* _TASK GOAL_
Pictures stay out. Extract the lines below from the first one through the line with "Alanna Wine Lace Crop Top & Pant Set", both included.

=== DATA RECORDS ===

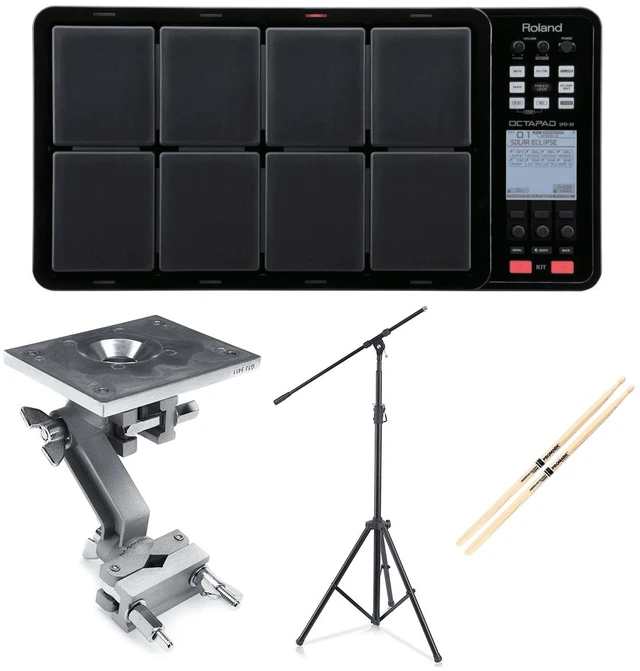 Main image of Roland OCTAPAD SPD-30 Black - Roland APC-33 - Pyle Heavy Duty Mic Stand - Drum Stick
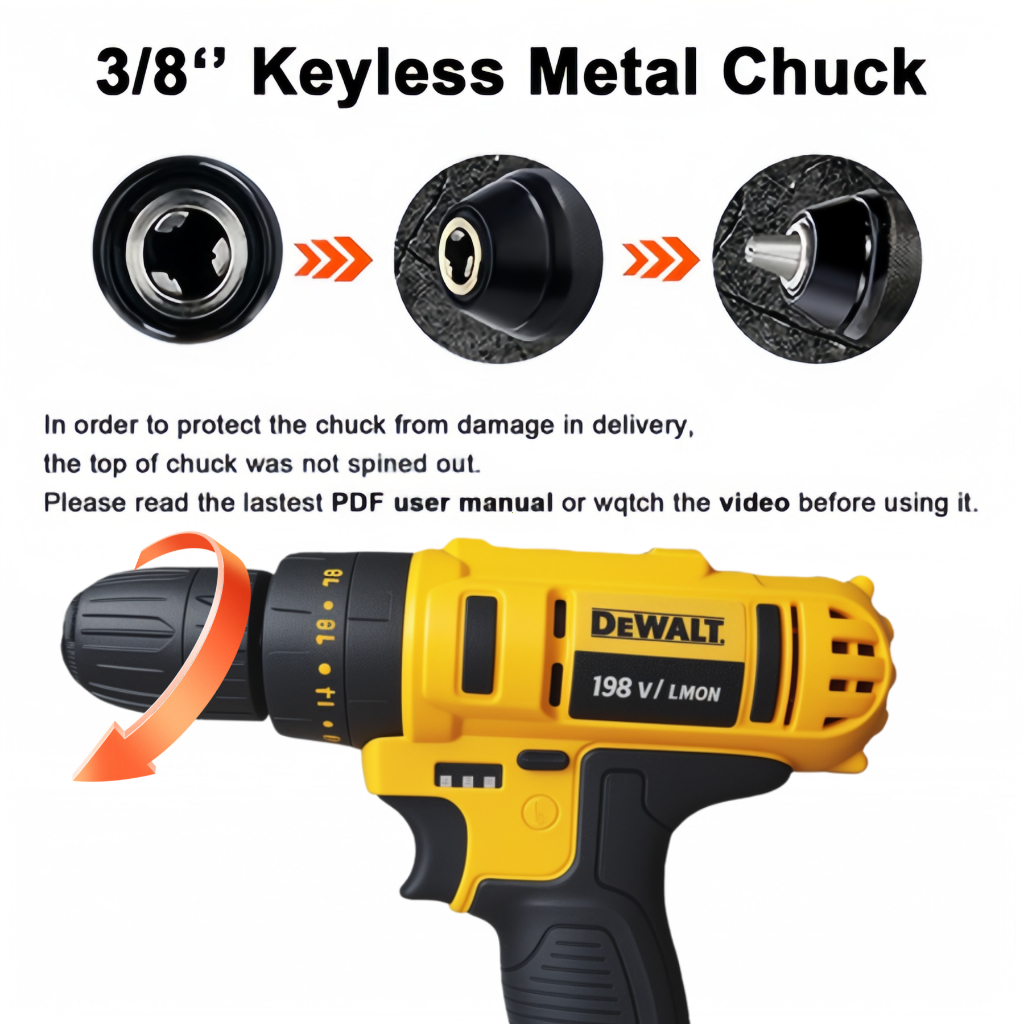DEWALT Mesin Bor Baterai Cas 2Baterai Promo 10mm Bor Impact Fullset Tanpa Kabel Listrik Murah Multig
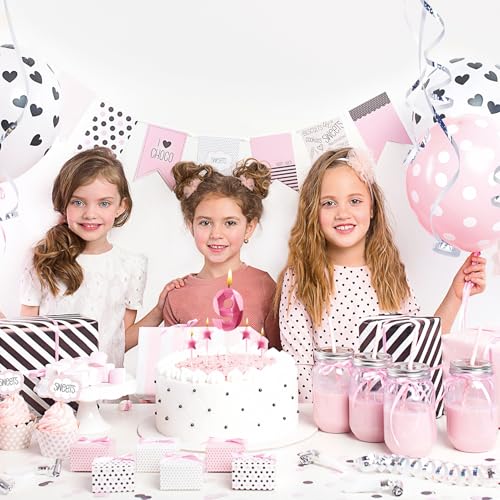 Pink Number 2 Birthday Candle and Star Cake Topper Set 3D Diamond Design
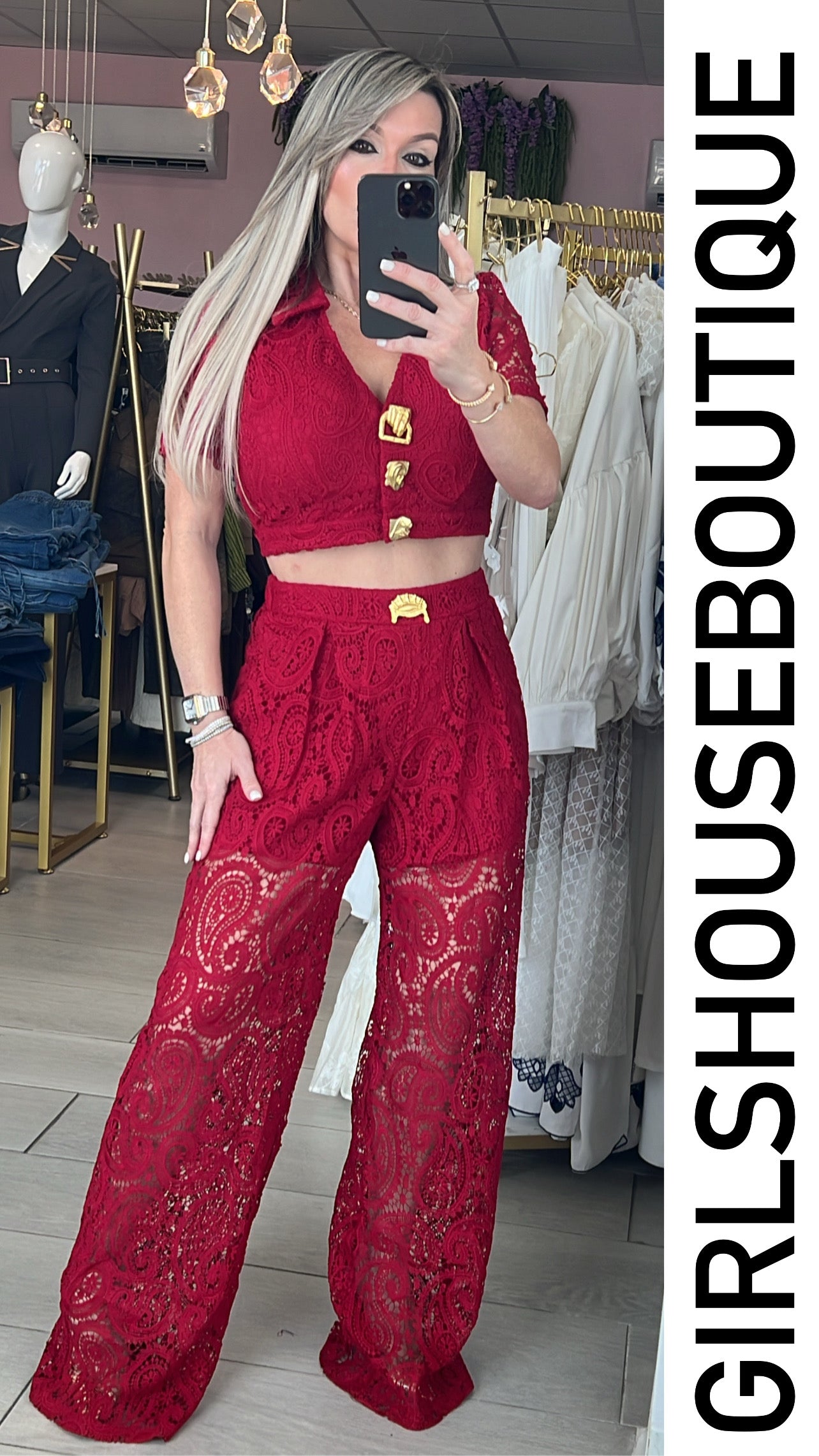 Alanna Wine Lace Crop Top & Pant Set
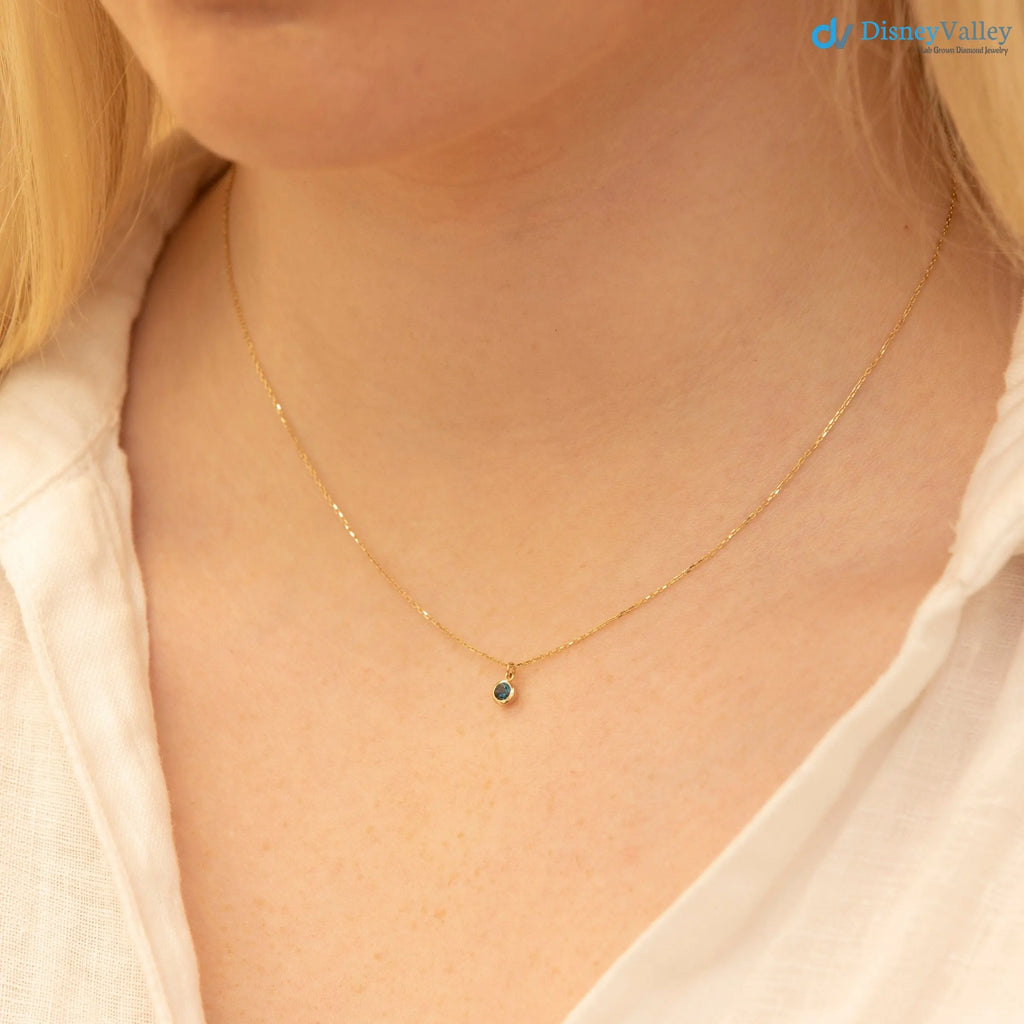 14k Gold Blue Topaz Birthstone Necklace, London Blue Topaz, Bezel Setting DisneyValley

===

* _TASK RESULT_
 Main image of Roland OCTAPAD SPD-30 Black - Roland APC-33 - Pyle Heavy Duty Mic Stand - Drum Stick
DEWALT Mesin Bor Baterai Cas 2Baterai Promo 10mm Bor Impact Fullset Tanpa Kabel Listrik Murah Multig
 Pink Number 2 Birthday Candle and Star Cake Topper Set 3D Diamond Design
 Alanna Wine Lace Crop Top & Pant Set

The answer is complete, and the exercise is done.